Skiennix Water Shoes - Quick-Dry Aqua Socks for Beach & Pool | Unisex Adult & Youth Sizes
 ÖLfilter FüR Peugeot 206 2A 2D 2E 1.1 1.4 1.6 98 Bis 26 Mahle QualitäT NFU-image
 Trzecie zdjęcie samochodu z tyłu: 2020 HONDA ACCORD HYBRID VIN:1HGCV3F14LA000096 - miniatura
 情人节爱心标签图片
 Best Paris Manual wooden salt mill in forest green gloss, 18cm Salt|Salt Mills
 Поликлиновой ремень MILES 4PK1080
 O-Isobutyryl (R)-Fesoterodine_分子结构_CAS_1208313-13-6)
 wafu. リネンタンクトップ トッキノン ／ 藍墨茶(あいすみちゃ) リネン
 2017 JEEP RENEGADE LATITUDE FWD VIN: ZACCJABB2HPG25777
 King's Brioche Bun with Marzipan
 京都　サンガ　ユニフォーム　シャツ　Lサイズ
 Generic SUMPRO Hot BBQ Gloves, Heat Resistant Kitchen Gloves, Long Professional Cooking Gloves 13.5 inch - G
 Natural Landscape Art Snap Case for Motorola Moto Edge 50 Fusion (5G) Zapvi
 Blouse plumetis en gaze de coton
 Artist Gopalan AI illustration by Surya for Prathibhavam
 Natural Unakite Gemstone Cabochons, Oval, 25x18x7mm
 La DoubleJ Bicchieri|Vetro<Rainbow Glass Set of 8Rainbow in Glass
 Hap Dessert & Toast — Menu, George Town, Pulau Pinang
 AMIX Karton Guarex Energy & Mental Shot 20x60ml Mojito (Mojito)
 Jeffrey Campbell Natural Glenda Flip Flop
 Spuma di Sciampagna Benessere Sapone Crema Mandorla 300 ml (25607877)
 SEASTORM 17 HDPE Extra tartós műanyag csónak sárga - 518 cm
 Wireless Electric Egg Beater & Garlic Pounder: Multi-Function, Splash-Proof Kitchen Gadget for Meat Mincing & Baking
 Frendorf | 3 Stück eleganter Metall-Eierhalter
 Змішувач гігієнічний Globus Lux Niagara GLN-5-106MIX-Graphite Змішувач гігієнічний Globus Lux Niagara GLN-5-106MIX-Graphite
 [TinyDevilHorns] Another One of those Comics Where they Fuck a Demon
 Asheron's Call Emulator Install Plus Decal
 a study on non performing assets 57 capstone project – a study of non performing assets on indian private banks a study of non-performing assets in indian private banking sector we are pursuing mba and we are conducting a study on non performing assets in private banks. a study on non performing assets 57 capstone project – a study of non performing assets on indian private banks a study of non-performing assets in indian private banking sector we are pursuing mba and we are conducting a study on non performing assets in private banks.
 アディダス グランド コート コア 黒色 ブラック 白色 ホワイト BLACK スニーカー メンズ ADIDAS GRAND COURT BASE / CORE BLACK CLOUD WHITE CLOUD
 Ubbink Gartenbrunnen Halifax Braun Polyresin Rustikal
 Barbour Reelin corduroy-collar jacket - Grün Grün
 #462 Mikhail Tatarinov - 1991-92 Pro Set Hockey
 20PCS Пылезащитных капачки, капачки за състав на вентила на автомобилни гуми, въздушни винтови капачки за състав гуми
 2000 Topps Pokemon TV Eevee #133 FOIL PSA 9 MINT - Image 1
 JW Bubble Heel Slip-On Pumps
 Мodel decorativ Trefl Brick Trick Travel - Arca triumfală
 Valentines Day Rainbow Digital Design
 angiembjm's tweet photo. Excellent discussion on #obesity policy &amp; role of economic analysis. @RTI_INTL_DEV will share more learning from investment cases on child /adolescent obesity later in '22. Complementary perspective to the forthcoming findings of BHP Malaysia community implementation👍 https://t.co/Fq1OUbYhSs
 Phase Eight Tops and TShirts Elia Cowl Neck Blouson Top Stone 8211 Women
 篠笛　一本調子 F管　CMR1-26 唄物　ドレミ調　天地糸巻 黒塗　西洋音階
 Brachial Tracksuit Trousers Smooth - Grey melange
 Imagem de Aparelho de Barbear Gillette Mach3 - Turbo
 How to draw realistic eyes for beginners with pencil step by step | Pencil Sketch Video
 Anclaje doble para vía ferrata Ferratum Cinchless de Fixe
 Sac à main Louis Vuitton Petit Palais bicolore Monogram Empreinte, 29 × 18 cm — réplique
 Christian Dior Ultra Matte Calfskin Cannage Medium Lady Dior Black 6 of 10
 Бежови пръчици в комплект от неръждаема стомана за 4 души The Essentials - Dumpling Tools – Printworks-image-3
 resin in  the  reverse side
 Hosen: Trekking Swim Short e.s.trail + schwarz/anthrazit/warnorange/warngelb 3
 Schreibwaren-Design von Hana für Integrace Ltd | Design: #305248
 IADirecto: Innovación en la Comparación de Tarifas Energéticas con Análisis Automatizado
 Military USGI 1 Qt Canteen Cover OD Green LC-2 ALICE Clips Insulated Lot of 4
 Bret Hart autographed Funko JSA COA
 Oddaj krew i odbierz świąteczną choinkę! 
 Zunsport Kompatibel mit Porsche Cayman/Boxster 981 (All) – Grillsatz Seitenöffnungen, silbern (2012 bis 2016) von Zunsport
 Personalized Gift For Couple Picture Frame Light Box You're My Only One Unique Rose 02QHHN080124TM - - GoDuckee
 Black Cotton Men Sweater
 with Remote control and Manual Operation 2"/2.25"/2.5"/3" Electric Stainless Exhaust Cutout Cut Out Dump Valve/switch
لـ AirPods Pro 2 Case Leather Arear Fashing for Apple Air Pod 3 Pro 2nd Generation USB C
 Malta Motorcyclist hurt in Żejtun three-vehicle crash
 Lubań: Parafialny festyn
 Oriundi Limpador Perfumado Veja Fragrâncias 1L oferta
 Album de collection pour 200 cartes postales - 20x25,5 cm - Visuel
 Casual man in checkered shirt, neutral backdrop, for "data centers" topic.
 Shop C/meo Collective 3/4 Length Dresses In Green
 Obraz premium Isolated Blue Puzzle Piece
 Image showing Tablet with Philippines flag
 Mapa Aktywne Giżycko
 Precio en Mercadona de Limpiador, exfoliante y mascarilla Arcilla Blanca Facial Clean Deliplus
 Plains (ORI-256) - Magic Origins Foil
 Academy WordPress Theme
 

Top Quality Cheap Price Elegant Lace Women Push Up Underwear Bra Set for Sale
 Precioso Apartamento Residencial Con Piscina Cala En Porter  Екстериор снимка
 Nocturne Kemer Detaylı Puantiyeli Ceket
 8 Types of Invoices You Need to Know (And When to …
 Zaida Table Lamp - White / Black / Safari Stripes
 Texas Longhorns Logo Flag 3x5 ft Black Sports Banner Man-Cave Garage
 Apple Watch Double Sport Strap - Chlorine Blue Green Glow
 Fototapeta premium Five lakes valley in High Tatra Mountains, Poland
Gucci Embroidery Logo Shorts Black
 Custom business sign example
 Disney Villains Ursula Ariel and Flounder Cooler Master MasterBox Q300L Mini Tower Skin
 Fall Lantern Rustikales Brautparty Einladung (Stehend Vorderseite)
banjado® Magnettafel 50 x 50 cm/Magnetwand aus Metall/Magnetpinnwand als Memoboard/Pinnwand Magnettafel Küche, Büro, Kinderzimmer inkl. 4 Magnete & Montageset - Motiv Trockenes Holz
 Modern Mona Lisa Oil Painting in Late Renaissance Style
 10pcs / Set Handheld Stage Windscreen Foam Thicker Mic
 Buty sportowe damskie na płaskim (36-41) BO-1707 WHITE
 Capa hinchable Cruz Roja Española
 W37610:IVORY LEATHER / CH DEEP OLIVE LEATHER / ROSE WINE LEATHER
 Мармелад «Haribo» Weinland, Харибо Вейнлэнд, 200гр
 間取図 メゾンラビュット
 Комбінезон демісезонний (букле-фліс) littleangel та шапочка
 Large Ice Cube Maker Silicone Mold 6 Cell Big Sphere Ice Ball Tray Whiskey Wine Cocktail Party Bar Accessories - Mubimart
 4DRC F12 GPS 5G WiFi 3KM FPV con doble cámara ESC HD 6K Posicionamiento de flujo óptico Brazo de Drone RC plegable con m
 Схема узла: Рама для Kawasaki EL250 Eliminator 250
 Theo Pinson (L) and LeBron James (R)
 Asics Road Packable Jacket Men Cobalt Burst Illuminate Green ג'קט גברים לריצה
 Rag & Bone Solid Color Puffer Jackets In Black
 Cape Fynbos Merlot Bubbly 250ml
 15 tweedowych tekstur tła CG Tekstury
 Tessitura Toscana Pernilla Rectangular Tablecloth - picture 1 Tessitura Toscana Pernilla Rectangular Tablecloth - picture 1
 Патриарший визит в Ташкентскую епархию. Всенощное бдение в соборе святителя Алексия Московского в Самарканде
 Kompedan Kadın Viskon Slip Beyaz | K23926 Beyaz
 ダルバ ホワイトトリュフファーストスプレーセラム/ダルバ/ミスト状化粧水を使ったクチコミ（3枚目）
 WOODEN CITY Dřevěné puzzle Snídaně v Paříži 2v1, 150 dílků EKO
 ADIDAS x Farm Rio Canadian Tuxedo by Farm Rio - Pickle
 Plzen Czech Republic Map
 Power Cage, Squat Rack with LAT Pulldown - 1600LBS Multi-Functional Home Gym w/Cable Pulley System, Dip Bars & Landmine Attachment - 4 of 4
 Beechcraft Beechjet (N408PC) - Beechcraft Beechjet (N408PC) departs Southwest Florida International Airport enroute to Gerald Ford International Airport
....................
■ **Exercise objective**: In the listing above, find each line with the word "Natural" and return it.

■ **Task answer**:
 Natural Landscape Art Snap Case for Motorola Moto Edge 50 Fusion (5G) Zapvi
 Natural Unakite Gemstone Cabochons, Oval, 25x18x7mm
 Jeffrey Campbell Natural Glenda Flip Flop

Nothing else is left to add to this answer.